Hedge Fund Fighting Over Spain’s Top Paper Gets Close to Sanchez

A power struggle for Spain’s best-selling newspaper is coming to a head and Prime Minister Pedro Sanchez will be watching closely.

Founded at the birth of Spanish democracy in the 1970s, El Pais has traditionally supported Sanchez’s Socialists but has had a tense relationship with the new brand of left-wing politics pursued by the current premier.

Sanchez has said publicly that the paper’s publisher, Prisa, was involved in the maneuvers that saw him ousted as party leader in 2016. El Pais’s editorial page has attacked him repeatedly since his return to power for ignoring the advice of party elders who say his deals with Catalan separatists and the far-left group Podemos gift legitimacy to dangerous rivals.

Now, it seems, Sanchez could catch a break. Prisa’s biggest shareholder wants to break up an old boys’ network club that is critical of the premier and still seen as pulling strings at El Pais.

Joseph Oughourlian, founder of London-based hedge fund Amber Capital, is ready to vote to have Prisa Chairman Javier Monzon removed at a shareholders’ meeting on Monday, according to people familiar with his thinking speaking on condition of anonymity.

Sanchez’s closest advisers have been keeping tabs on the situation as the ballot approaches. Oughourlian has met with Sanchez since the prime minister took office -- both are 48, born the same month -- and he’s developed a close relationship with at least two people in the premier’s inner circle, according to a person who knows them both.

A more sympathetic stance from the paper of national record could help a premier wrestling with the country’s worst recession in at least 70 years as he tries to maintain his balance atop a shaky coalition.

Spain is not alone in having a paper of choice take political sides, and having an outsize influence in shaping the public’s thinking on issues that can sway elections. Fox News, owned by billionaire Rupert Murdoch, is closely aligned with Donald Trump. In the U.K., Brexit was shaped by euroskeptic publications such as The Sun tabloid and the conservative The Telegraph.

The same kind of ideological divisions are present in all the major publications in Germany, Italy and France. In Spain, however, it’s reached a boiling point.

Oughourlian, who controls 29.8% of Prisa, has come to consider that Monzon is too close to Banco Santander SA and that he uses El Pais to pursue the bank’s political interests, the people said. While Monzon is an independent board member who was endorsed by Oughourlian and the rest of the board when he became non-executive chairman in January 2019, he was nominated by Santander and combines his role at Prisa with other non-executive posts as chairman of Santander’s online unit Openbank and a board seat at the bank’s Spanish unit.

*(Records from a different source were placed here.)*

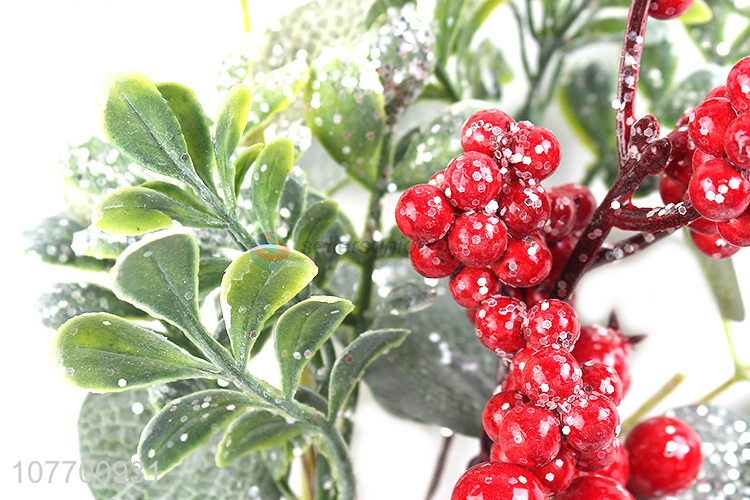 Hot selling artificial branchlet with red berry for Christmas decoration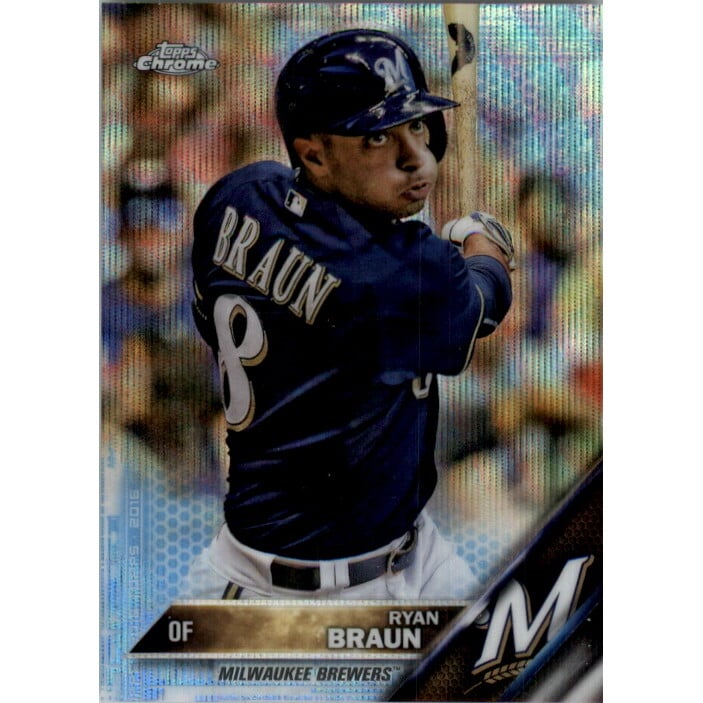 2016 Topps Chrome Blue Wave Refractors #165 Ryan Braun. rookie card picture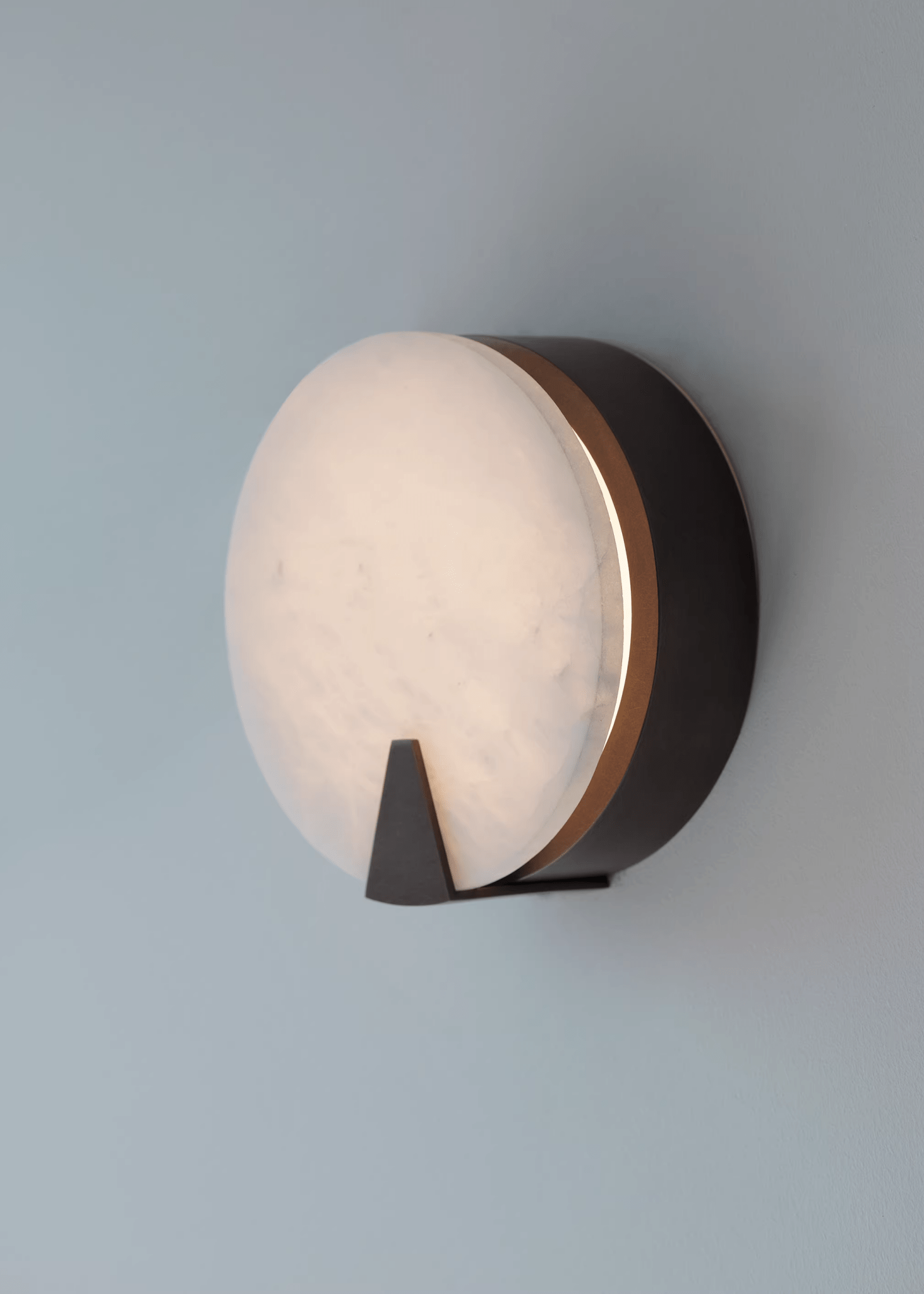 Solaris Halo Alabaster Wall Light-Neutral Decor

Santander’s financial influence at the publisher also goes way beyond its 4.1% stake. It’s one of the highly leveraged company’s main creditors and helped two other key shareholders with a combined 12.6% to finance their investments.

Oughourlian and Sanchez’s director of communication Miguel Angel Oliver declined to comment when contacted by Bloomberg, as did spokespeople for Prisa, Santander and Monzon.

The Old Guard

At the heart of the dispute is a fight between the Spanish establishment and a new generation of leaders dealing with the legacy of the boom and bust years: a younger generation that missed out economically, a resurgence of the nativist far-right and question marks over the future of Catalonia.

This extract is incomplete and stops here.